Der Name der Rose
Denn nicht alle Wahrheiten sind für alle Ohren bestimmt, nicht alle Lügen sind sofort als solche erkennbar für eine fromme Seele, und schließlich sollen die Mönche im Skriptorium eine genau definierte Arbeit tun, wozu sie bestimmte Bücher lesen müssen – die anderen gehen sie nichts an, und sie sollen nicht jedem Anflug von Neugier nachgeben, der sie plötzlich packen mag, sei es aus Schwäche des Geistes oder aus Hochmut oder aufgrund einer teuflischen Einflüsterung.«
»Demnach gibt es in Eurer Bibliothek auch Bücher, die Lügen enthalten …«
»Scheusale existieren, weil sie Teil des göttlichen Plans sind, und selbst in den schrecklichsten Fratzen offenbart sich die Größe des Schöpfers. So existieren, gleichfalls als Teil des göttlichen Plans, auch die Bücher der Magier, die Kabbalen der Juden, die Fabeln der heidnischen Dichter und die Lügen der Ungläubigen. Stets war es die feste und heilige Überzeugung der Gründer und Hüter dieser Abtei, daß auch in den Lügenbüchern ein Abglanz der göttlichen Weisheit vor den Augen des kundigen Lesers aufscheinen kann. Und darum enthält die Bibliothek auch diese Bücher. Doch aus dem gleichen Grunde, versteht Ihr, darf sie nicht von jedermann betreten werden. Außerdem«, fügte der Abt hinzu, als wollte er sich für die Dürftigkeit dieses letzten Arguments entschuldigen, »sind Bücher gebrechliche Wesen, sie leiden unter dem Zahn der Zeit, sie fürchten die Nagetiere, die Unbilden der Witterung, die plumpen Hände ungeübter Benutzer. Hätte in den vergangenen Jahrhunderten jedermann Zutritt zur Bibliothek gehabt und unsere Handschriften nach Belieben berühren dürfen, so wäre der größte Teil von ihnen heute nicht mehr vorhanden.
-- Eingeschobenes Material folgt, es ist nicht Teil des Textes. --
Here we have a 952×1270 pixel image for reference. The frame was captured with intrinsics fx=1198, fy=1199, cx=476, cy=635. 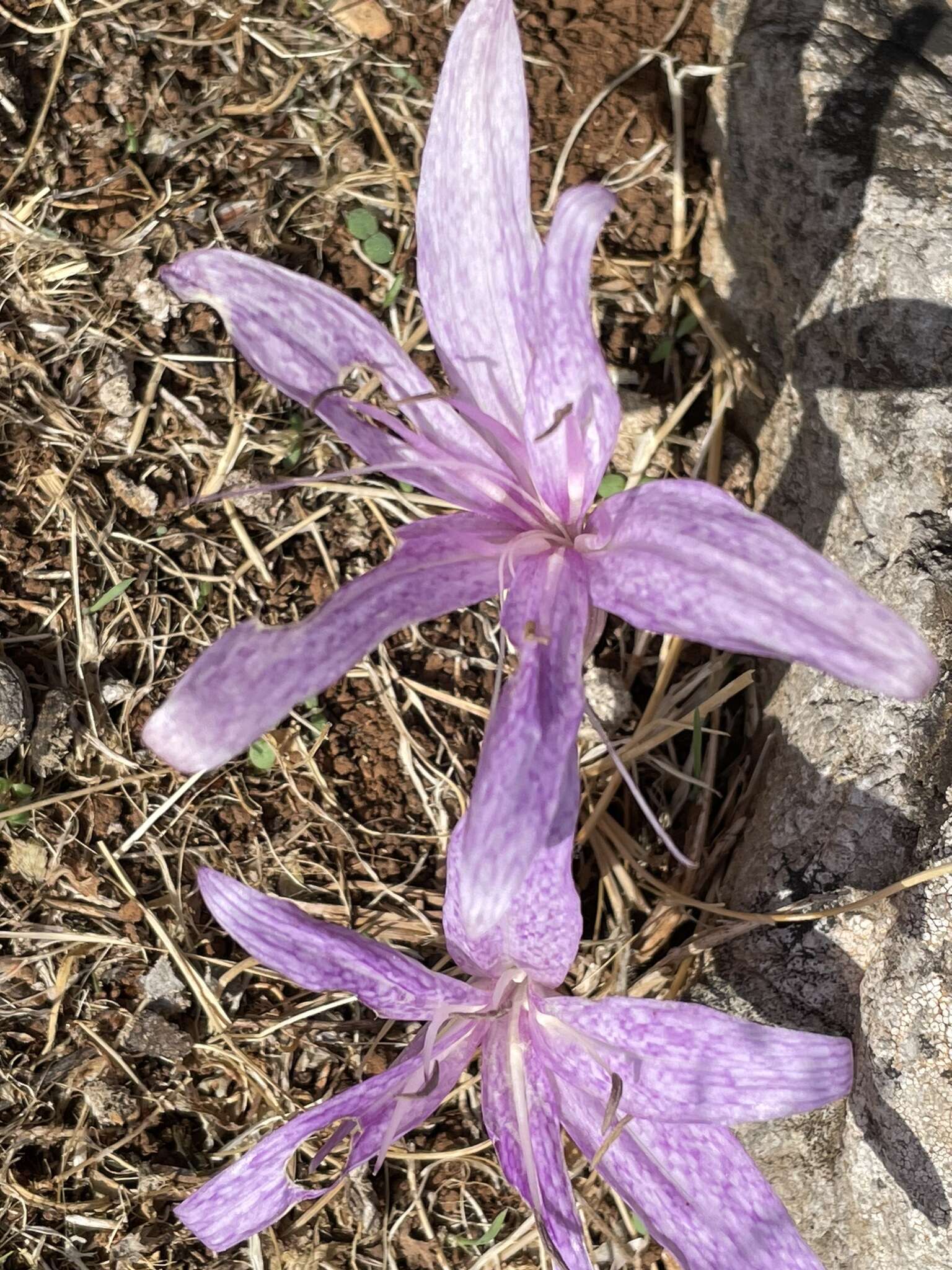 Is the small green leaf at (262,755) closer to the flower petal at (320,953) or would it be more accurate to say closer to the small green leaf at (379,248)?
the flower petal at (320,953)

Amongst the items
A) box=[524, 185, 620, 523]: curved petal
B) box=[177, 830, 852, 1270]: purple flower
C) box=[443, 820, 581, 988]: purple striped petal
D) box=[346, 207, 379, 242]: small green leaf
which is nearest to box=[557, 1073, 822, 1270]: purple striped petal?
box=[177, 830, 852, 1270]: purple flower

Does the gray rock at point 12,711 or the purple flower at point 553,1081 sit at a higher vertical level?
the purple flower at point 553,1081

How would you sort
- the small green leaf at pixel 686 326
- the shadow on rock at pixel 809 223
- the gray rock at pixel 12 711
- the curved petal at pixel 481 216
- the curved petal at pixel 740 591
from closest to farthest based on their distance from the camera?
1. the curved petal at pixel 740 591
2. the curved petal at pixel 481 216
3. the shadow on rock at pixel 809 223
4. the gray rock at pixel 12 711
5. the small green leaf at pixel 686 326

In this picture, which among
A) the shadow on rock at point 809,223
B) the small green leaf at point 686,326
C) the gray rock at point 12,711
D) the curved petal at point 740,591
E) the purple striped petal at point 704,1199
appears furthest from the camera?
the small green leaf at point 686,326

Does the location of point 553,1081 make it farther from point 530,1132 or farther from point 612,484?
point 612,484

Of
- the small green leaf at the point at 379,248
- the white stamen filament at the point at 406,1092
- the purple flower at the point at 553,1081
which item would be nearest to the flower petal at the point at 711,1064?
the purple flower at the point at 553,1081

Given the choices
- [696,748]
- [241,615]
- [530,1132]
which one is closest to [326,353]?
[241,615] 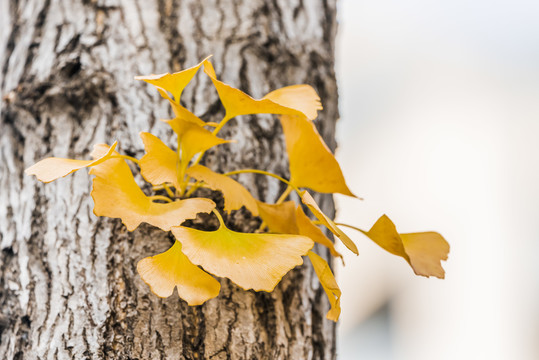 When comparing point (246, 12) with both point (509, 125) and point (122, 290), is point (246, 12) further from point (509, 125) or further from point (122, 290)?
point (509, 125)

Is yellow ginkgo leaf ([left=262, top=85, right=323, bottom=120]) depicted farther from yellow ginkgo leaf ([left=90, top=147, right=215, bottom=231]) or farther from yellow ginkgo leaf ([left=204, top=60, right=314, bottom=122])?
yellow ginkgo leaf ([left=90, top=147, right=215, bottom=231])

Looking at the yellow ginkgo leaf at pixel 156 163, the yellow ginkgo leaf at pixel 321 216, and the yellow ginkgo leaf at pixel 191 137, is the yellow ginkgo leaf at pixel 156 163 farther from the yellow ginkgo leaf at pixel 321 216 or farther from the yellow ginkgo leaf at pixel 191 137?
the yellow ginkgo leaf at pixel 321 216

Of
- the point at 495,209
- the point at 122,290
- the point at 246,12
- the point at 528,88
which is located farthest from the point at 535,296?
the point at 122,290

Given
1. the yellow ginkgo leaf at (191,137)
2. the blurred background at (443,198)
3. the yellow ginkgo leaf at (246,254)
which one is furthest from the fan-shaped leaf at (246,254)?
the blurred background at (443,198)

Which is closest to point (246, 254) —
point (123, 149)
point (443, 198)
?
point (123, 149)

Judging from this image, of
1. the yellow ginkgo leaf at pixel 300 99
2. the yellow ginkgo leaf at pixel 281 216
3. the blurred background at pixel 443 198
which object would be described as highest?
the yellow ginkgo leaf at pixel 300 99

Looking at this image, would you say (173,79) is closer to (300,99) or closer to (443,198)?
Result: (300,99)

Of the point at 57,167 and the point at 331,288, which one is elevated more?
the point at 57,167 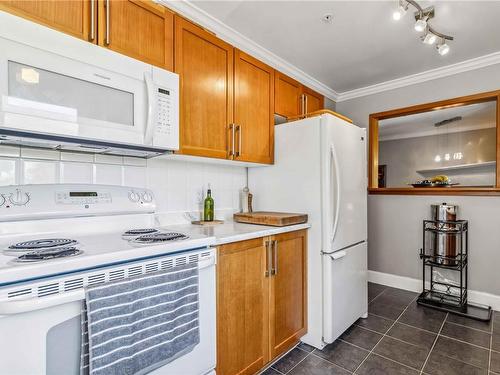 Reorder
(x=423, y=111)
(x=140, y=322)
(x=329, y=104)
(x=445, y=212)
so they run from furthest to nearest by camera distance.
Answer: (x=329, y=104) < (x=423, y=111) < (x=445, y=212) < (x=140, y=322)

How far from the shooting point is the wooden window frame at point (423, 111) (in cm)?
260

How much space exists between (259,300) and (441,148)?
3.45m

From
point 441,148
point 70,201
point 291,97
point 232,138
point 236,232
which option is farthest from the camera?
point 441,148

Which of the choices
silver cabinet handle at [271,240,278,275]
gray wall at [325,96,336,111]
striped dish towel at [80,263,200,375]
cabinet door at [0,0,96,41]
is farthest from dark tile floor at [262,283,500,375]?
gray wall at [325,96,336,111]

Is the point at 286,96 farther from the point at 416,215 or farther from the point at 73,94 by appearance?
the point at 416,215

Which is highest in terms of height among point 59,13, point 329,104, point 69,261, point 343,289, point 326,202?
point 329,104

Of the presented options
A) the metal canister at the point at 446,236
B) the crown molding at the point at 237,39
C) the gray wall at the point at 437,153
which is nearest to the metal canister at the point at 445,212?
the metal canister at the point at 446,236

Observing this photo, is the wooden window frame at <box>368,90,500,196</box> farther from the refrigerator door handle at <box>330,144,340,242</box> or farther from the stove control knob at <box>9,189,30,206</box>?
the stove control knob at <box>9,189,30,206</box>

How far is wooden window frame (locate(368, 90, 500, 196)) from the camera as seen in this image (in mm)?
2598

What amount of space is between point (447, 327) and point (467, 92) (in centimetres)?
222

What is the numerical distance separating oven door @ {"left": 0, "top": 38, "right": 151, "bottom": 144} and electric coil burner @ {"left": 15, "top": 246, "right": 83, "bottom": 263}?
0.50 m

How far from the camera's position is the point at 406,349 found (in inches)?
78.5

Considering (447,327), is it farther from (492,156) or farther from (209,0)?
(209,0)

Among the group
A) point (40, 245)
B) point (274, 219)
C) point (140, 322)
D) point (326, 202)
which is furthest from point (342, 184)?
point (40, 245) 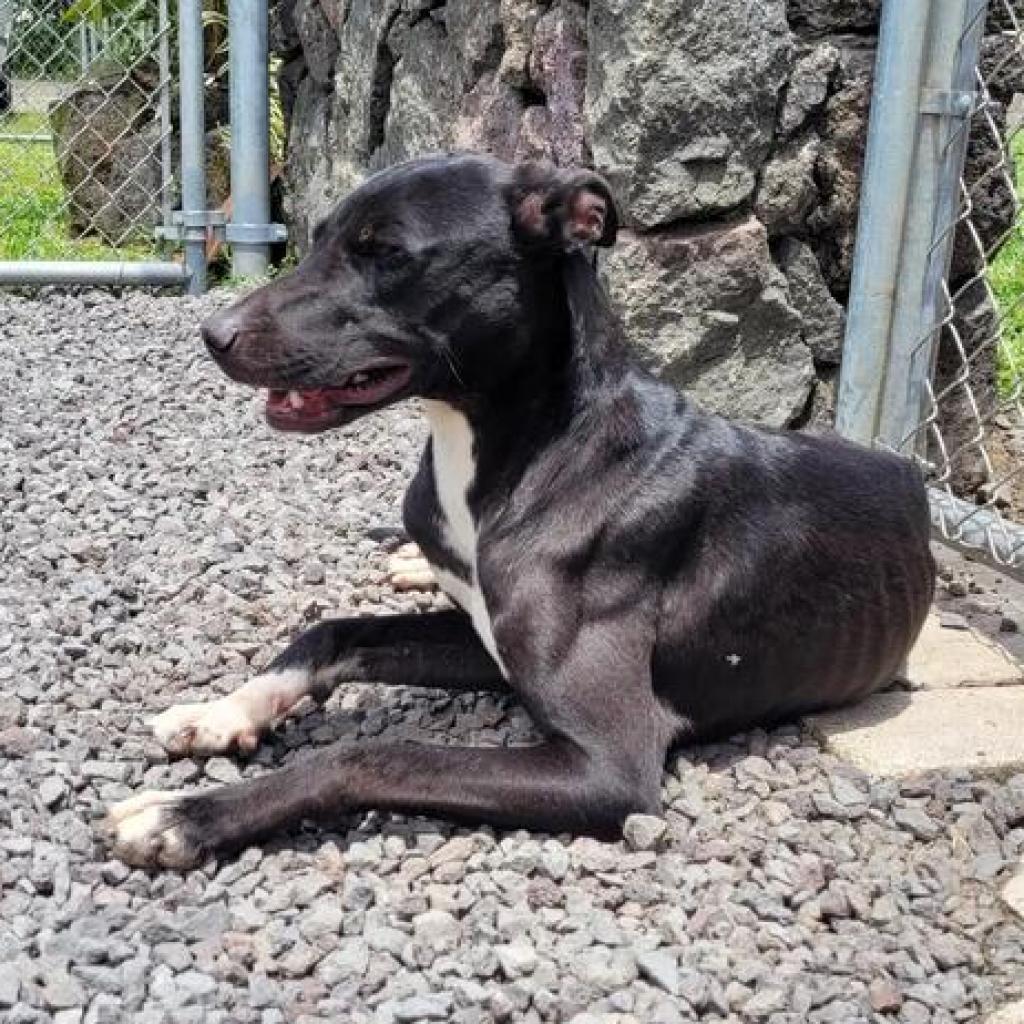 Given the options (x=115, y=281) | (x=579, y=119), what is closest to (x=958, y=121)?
(x=579, y=119)

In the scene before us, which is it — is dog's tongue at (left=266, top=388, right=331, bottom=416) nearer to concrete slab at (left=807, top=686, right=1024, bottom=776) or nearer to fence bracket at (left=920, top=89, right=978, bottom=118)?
concrete slab at (left=807, top=686, right=1024, bottom=776)

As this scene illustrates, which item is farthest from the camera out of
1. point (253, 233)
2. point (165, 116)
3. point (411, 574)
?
point (165, 116)

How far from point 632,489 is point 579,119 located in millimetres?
1865

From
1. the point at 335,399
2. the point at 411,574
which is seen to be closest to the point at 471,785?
the point at 335,399

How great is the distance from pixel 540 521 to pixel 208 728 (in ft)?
2.40

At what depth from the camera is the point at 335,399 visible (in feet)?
9.63

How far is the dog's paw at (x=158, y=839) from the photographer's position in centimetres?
252

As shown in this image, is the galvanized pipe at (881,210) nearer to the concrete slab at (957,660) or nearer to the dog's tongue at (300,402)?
the concrete slab at (957,660)

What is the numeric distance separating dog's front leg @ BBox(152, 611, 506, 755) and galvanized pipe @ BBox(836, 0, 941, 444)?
5.05 feet

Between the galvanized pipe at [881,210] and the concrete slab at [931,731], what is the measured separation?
109cm

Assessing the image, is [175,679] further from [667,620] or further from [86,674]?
[667,620]

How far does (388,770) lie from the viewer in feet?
8.64

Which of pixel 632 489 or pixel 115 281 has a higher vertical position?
pixel 632 489

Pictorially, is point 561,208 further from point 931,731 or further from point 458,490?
point 931,731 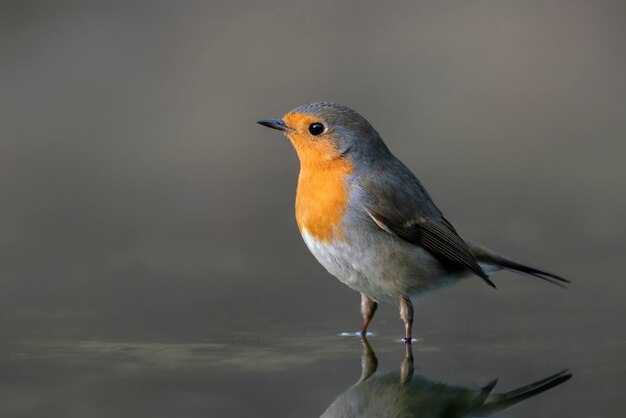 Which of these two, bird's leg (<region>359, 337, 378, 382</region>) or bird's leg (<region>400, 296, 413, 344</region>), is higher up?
bird's leg (<region>400, 296, 413, 344</region>)

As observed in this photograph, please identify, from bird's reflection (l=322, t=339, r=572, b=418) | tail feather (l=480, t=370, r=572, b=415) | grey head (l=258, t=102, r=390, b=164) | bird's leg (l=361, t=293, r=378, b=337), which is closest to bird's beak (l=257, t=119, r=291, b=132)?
grey head (l=258, t=102, r=390, b=164)

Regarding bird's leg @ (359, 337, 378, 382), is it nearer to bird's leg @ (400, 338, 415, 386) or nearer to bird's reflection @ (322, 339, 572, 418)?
bird's reflection @ (322, 339, 572, 418)

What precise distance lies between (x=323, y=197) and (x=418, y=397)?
4.23ft

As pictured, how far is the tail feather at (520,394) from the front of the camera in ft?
11.4

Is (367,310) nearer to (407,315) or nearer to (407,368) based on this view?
(407,315)

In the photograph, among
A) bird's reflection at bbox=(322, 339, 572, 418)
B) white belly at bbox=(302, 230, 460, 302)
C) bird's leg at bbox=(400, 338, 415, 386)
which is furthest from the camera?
white belly at bbox=(302, 230, 460, 302)

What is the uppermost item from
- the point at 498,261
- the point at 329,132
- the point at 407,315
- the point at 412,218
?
the point at 329,132

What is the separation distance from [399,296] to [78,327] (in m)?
1.52

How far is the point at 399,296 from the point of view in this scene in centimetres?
479

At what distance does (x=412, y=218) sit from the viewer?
4883 millimetres

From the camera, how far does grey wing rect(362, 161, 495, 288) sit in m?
4.74

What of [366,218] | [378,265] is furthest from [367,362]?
[366,218]

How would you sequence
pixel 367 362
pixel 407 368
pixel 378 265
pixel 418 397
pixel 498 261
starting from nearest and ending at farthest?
pixel 418 397 < pixel 407 368 < pixel 367 362 < pixel 378 265 < pixel 498 261

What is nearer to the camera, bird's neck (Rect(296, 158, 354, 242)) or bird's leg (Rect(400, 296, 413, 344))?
bird's neck (Rect(296, 158, 354, 242)) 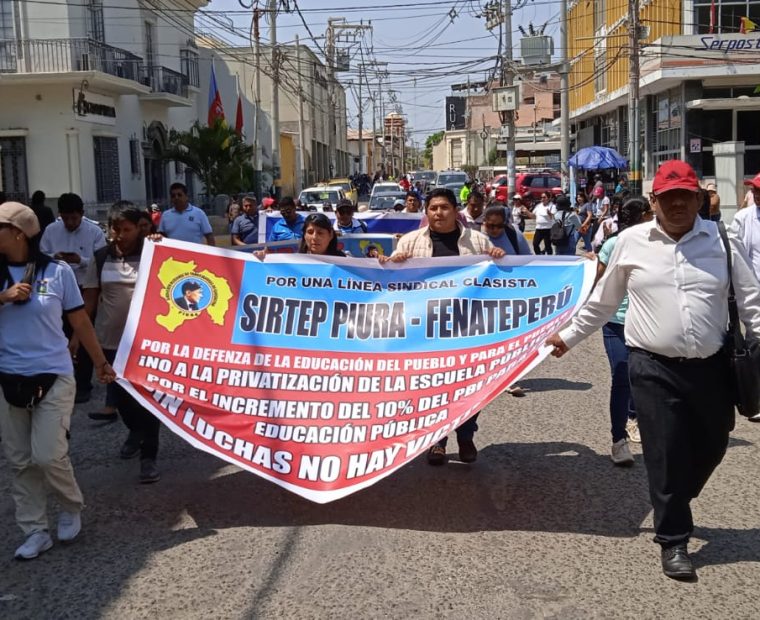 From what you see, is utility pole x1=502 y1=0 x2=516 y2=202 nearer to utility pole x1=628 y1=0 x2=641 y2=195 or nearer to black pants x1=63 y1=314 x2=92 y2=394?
utility pole x1=628 y1=0 x2=641 y2=195

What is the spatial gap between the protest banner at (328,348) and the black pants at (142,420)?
24.2 inches

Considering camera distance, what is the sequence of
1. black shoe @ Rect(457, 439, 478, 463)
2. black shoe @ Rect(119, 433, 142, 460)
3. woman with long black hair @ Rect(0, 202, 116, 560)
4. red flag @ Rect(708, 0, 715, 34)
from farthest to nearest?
1. red flag @ Rect(708, 0, 715, 34)
2. black shoe @ Rect(119, 433, 142, 460)
3. black shoe @ Rect(457, 439, 478, 463)
4. woman with long black hair @ Rect(0, 202, 116, 560)

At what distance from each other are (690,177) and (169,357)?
3.19m

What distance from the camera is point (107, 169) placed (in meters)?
29.6

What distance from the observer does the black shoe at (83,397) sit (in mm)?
8727

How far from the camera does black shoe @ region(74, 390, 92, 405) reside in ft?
28.6

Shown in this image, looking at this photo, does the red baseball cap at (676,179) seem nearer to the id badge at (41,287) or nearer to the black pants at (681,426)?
the black pants at (681,426)

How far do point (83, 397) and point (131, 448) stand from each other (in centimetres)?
214

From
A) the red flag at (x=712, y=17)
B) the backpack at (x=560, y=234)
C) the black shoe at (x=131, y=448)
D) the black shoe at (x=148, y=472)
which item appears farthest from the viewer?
the red flag at (x=712, y=17)

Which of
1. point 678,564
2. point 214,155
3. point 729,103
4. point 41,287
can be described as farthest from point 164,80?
point 678,564

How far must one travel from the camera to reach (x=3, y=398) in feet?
16.5

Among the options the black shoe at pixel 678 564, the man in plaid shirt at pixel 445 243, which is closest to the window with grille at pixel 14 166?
the man in plaid shirt at pixel 445 243

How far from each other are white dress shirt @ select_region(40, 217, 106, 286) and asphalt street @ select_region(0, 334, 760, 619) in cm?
240

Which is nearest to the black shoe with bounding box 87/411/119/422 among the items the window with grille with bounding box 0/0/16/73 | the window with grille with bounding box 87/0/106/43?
the window with grille with bounding box 0/0/16/73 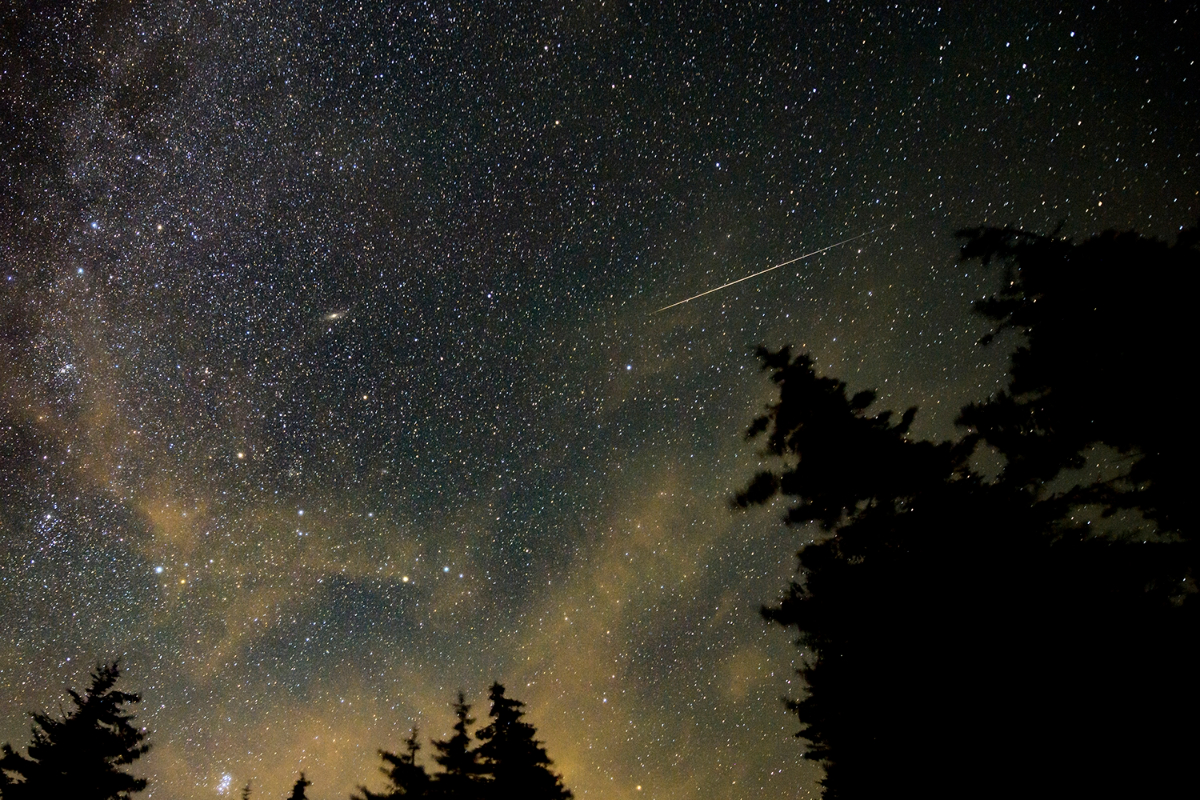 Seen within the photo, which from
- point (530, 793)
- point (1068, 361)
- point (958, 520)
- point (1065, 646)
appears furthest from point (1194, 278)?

Der Bibliothekar schützt sie also nicht nur vor den Menschen, sondern auch vor der Natur, und er widmet sein ganzes Leben diesem fortwährenden Krieg gegen die Kräfte des Vergessens, des Feindes der Wahrheit.«
»Demnach betritt also außer den beiden Personen niemand das Obergeschoß des Aedificiums?«
Der Abt lächelte fein: »Niemand darf es. Niemand kann es. Niemand hätte, selbst wenn er es wollte, Erfolg. Die Bibliothek verteidigt sich selbst. Unergründlich wie die Wahrheit, die sie beherbergt, trügerisch wie die Lügen, die sie hütet, ist sie ein geistiges Labyrinth und zugleich ein irdisches. Kämt Ihr hinein, Ihr kämt nicht wieder heraus. Dies mag Euch genügen, ich muß Euch bitten, Euch an die Regeln dieser Abtei zu halten.«
»Gleichwohl haltet Ihr es für möglich, daß Adelmus aus einem der Fenster des Obergeschosses gestürzt sein könnte. Wie soll ich seinen Tod untersuchen, wenn ich den Ort nicht sehen darf, an dem die Geschichte seines Todes möglicherweise begonnen hat?«
»Verehrtester Bruder William«, sagte der Abt konziliant, »einem Manne, der meinen Rappen Brunellus beschreiben konnte, ohne ihn je gesehen zu haben, und der den Tod des Adelmus zu schildern vermochte, obwohl er so gut wie nichts darüber wußte – einem solchen Manne wird es kaum schwerfallen, in seine Gedanken Orte miteinzubeziehen, zu denen er keinen Zutritt hat.«
»Wie Ihr wollt«, fügte sich William mit einer leichten Verbeugung. »Ihr seid weise, auch wenn Ihr streng seid.«
»Wenn ich je weise sein sollte«, versetzte der Abt elegant, »so wäre ich es, weil ich streng zu sein vermag.«
»Ein letztes noch«, wollte William wissen. »Wie steht es mit Ubertin?«
»Er ist hier. Er erwartet Euch. Ihr findet ihn in der Kirche.«
»Wann?«
»Jederzeit«, lächelte der Abt. »Ihr müßt wissen, er ist, obgleich sehr gelehrt, kein Mann, der sich gern in Bibliotheken aufhält. Eine säkulare Verlockung hält ihn davon ab … Er verbringt seine Tage zumeist in der Kirche mit Meditation und Gebet.«
»Ist er alt geworden?« fragte William zögernd.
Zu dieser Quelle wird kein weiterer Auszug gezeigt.